Miradme a los ojos
Cuando se presentó por primera vez ante la Filarmónica de Los Ángeles como nuevo titular, Carlo Maria Giulini dijo a los profesores de la orquesta: “Tardaré en aprenderme sus nombres, ¡pero conoceré sus ojos!”. Para Giulini, la mirada era el complemento esencial de la dirección. Su manejo de la batuta, sobre todo al principio, era bastante seco y rudimentario: servía para transmitir con claridad y contundencia los ataques. Lo demás Giulini lo fiaba al contacto visual. Esta hegemonía del ojo sobre el brazo encerraba algo simbólico. Pese a pertenecer a la vieja escuela, Giulini rechazaba los aspectos más autoritarios de la dirección orquestal, cuyo símbolo máximo era la batuta. El ojo, en cambio, humanizaba la relación director-orquesta. Aunque cada uno había de cumplir con el papel que le correspondía, la comunicación era de persona a persona, no de jefe a subordinado.
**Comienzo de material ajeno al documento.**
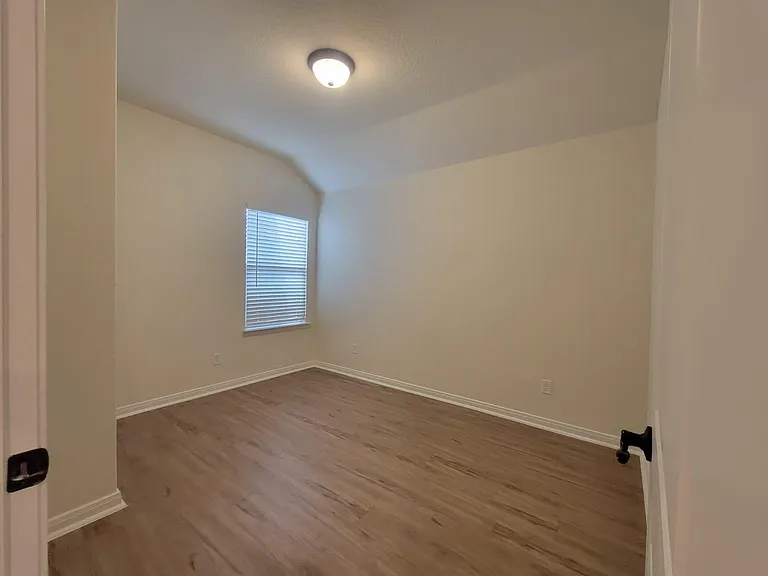 2318 Tulipwood Cv #101 — Photo 14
No es de extrañar que Giulini haya sido un director muy querido por sus orquestas. Él mandaba, por supuesto, pero lo hacía siempre con unos modales exquisitos, sin tiranteces o salidas de tono. Y si consideraba que el error había sido suyo, no tenía inconveniente en reconocerlo y disculparse con la orquesta. Creo que en esta propensión de Giulini hacia la mirada había también algo más profundo aún: su consideración de la música como fenómeno intrínsecamente espiritual. Decía Cicerón que “la cara es el espejo del alma y los ojos son sus intérpretes”. Dirigir con la mirada, apelando a la mirada del músico, establecía un contacto entre almas, la del director y la del músico. De esa forma, el hacer música se volvía un acto de sinceridad y humildad, sin filtros.
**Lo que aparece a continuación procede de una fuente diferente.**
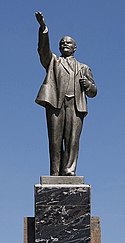 Lenin-Denkmal im Central Park Togliatti (beschnitten) .jpg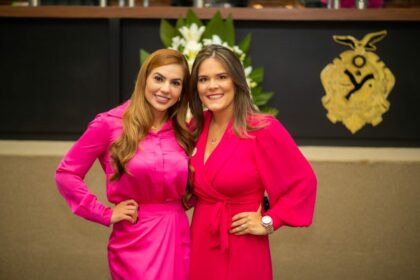 Débora Menezes homenageia Janaína Chagas com diploma Mulher Cidadã Amazonense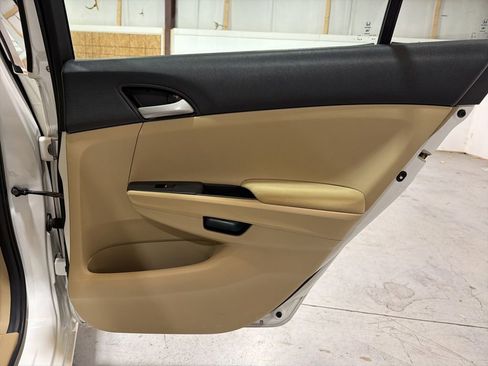 Used 2012 Honda Accord LX image 27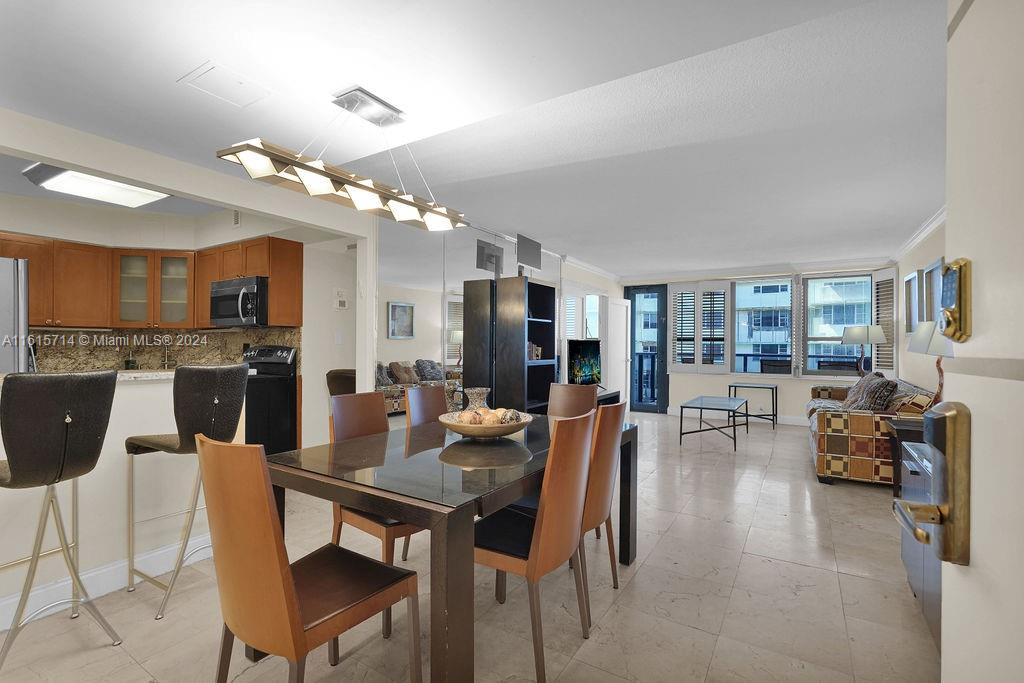 THE ALEXANDER CONDO - Residential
El primer vídeo nos presenta a Giulini dirigiendo la obertura de I vespri siciliani de Verdi frente a la New Philarmonia Orchestra en el año 1968. En ciertos pasajes, el gesto no es muy atractivo (en 9’16”, parece que Giulini esté segando hierba con una guadaña), pero lo más importante está en los ojos: abiertos, entreabiertos, cerrados, encendidos, soñadores, exaltados… sus movimientos jalonan una versión brillante, noble, apasionada, lírica y con el punto necesario de teatralidad.
El segundo vídeo es de principios de los ochenta, unos quince años más tarde. Giulini dirige la misma pieza, esta vez con la Filarmónica de Los Ángeles. El enfoque interpretativo no muestra cambios sustanciales, pero el gesto es ahora más depurado. Giulini sigue utilizando los ojos, pero ya no necesita estar tan encima de la orquesta. Su forma de dirigir se ha interiorizado. Si antes la comunicación era “de alma a alma”, ahora parece “de corazón a corazón”. Y como guinda, al finalizar la actuación el director mira complacido a los profesores de la orquesta y los felicita (“bravi”) en un diálogo que el público no percibe.
He dicho que las dos interpretaciones son parecidas, pero hay detalles muy reveladores. El más importante, me parece, tiene que ver con la introducción lenta. En la versión de 1968 dura 3’19”; en la de 1982 se queda en 2’50”, medio minuto más rápida. Giulini I acentuaba un poco más el contraste agógico, el efecto sorpresa de la irrupción del “Allegro agitato”. Giulini II busca en cambio una relación más orgánica entre el “Largo” introductorio y lo que sigue. Los compases iniciales poseen una tensión más palpable, por lo que el estallido posterior se percibe como el resultado de un crecimiento progresivo, aunque oculto. Hay una mayor sensación de desarrollo subterráneo: el conflicto larvado deviene en tumulto. Este entendimiento “orgánico” de la obra musical nos da pistas sobre por qué Giulini fue, en su última etapa, un intérprete colosal de piezas como la Grande de Schubert, las sinfonías de Brahms y las últimas de Bruckner.